To remove an item from the Dock, merely drag and drop it away.
The trashcan is located on the right hand side of the Dock and can be used in much the same way as the Recycle Bin in Windows. To empty either right click the can or follow Finder > Empty Trash
Eject using the Trashcan
The Trashcan is also used to eject CDs, DVDs and External Drive by dragging and dropping to the trashcan location. You can also use the eject key on the keyboard. Please see the keyboard navigation later in this document.
Closing windows and closing applications
Close (Red) – Closing the window only closes the window and not the program. The program will still be running in the background. Programs that are running are shown with a highlighted with dot under the application icon on the dock.
Minimise (Amber) – Minimised programs programmes are held in the dock. To maximise the window click on the icon in the dock.
Maximise (Green) – The maximise button will maximise the window based on the space available on your screen.
To close a program completely click File > Quit.
It is really easy to switch between programs and windows on an apple mac. The expose key (F3)
Alt + Tab in windows = Apple + Tab on a Mac
As you may tab between programs on your PC you can also do this on a Mac to speed up your workflow. Apple + Tab has the exact same effect as Alt + Tab.
The Apple Key serves a similar function as the Windows control key
The Apple Mouse
Mighty Mouse Right Click (lack of physical right click button)
Although you can’t see a right click button on the Mighty Mouse the function does exist. By clicking the area of the mouse where you would usually right click you will discover the drop down menu. Also ctrl + click has the same desired effect.
The Mighty Mouse also has a scrollball unlike the PC version that provides the capability to not only scroll pages but also scroll left and right particularly useful for scrolling timelines.
The Apple Keyboard
Sound inputs and settings
The sound settings control sound for most Mac programmes.
Apple > System Preferences > Sound
However, Premiere Pro has its sound control settings.
Premiere Pro > Preferences > Audio
While editing you may need to switch between your sound outputs.
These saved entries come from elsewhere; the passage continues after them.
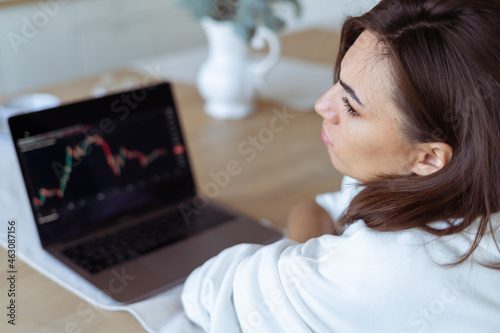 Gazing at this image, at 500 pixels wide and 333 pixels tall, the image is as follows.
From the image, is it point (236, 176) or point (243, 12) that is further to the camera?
point (243, 12)

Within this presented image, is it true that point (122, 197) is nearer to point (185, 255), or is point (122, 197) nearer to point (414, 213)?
point (185, 255)

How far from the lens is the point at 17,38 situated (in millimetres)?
3139

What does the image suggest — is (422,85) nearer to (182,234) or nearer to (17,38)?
(182,234)

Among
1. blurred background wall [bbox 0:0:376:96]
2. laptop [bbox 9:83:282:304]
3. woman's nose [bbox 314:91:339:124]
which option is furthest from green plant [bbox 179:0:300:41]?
blurred background wall [bbox 0:0:376:96]

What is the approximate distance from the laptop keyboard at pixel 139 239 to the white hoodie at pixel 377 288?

There is a headphone socket on the front and back of the computer and one microphone socket on the back. Note if you are using the external speaker and you plug in the headphones the sound output will automatically switch to headphones. If you intend to use the external speakers you will need to change the sound settings in system preferences and if you are using Premiere Pro change the Audio setting as shown above.
Most USB and Firewire devices will run automatically when plugged into the Mac. There are ports on the front and back of the unit.
The different ports you may come across are as follows
On / Off Button
Firewire 400 – Firewire 800
Line in – Headphones
The Firewire connection is the most frequently used for video and camera connections. An explanation of the different types follows.
Firewire 400 (6 pin)
In relation to filming the firewire 400 lead is the most popular way of connecting the camera to the computer. Usually this cable will have a 6 pin male (connects to the computer) and 4 pin male (connects to the camera. This cable also allows for device control which allows you to control the camera using buttons or programs on your desktop rather than the device.
Firewire 800 is an even faster connection and often used for hard drives and is capable of very fast data transfer speed.
Firewire 400 (4 pin)
The camera end of the firewire 400 lead. Although most cameras have USB connections the firewire lead allows for faster data transfers capable of real time playback on the computer as you view and capture footage.